Sunday, March 11, 2007

NLP: NLP is about Thinking Part 7 - Filters

Hi,

This is Part 7 of our series of NLP is about Thinking.

I am speeding up myself in writing so as to at least finish the first major section of this articles series before the start of the NLP Practitioner Program this year.

We are continuing to discuss the 5 Factors that make "Our Maps are not the Territory". Filters is the 3rd factor. Filter is the single most core concepts of NLP. You can say that all other 4 factors are Filters-related.

The Physical Barriers, Missing Perspectives, Time and Language Factors create the discrepancies between our Map (Internal Reality) and the Territory (External Reality) and at the same time they add and/or alter the related Filters, which continue to generate the discrepancies in a long run, with or without those original factors existing.

For example, you saw one of your friends not caring your feelings as he was shouting loudly to you when you had make a mistake. However this might not be the reality as it is his habit to talk loudly when he is worrying. This is a typical Physical Barriers example. However, this individual incident might not affect your perception just once. It might also create a Belief (one of the Filters) of "He is not a caring person". This belief affects how you perceive and interact with your friend in the future.

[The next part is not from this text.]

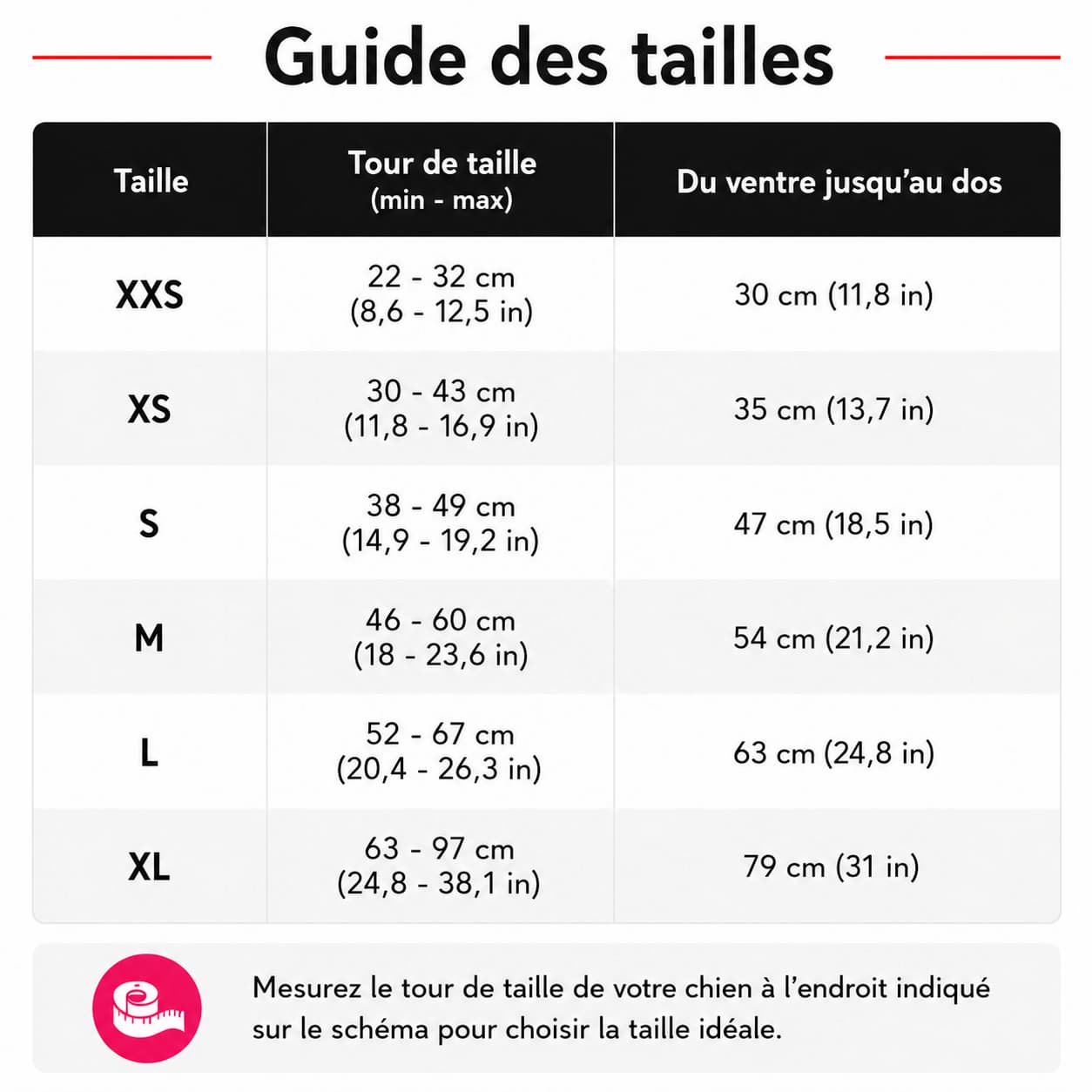 Guide des tailles de la culotte lavable Ballerina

We formed most of our Filters during our grown-up. During our earlier years of our lives, we do not have many filters. So, it is too easy for us to take in so many filters from people and situations around us, your parents, brothers and sisters, relatives, teachers, classmates, church, your school life, TV programs, etc. As we grow up, it becomes more difficult to add and alter filters as our existing filters "filter" off most of them.

There are basically 3 types of Filters: Value, Belief & Rule.

1. Values are what you think that are important. They are the qualities that are intrinsically desirable to us. When our values being met, we feel satisfied and harmonious. Our values influence the goals and choices that we make. Our values direct our Perceptions and thus our actions. If someone values "stability", he/she will constantly evaluate a situation whether it causes stability or instability.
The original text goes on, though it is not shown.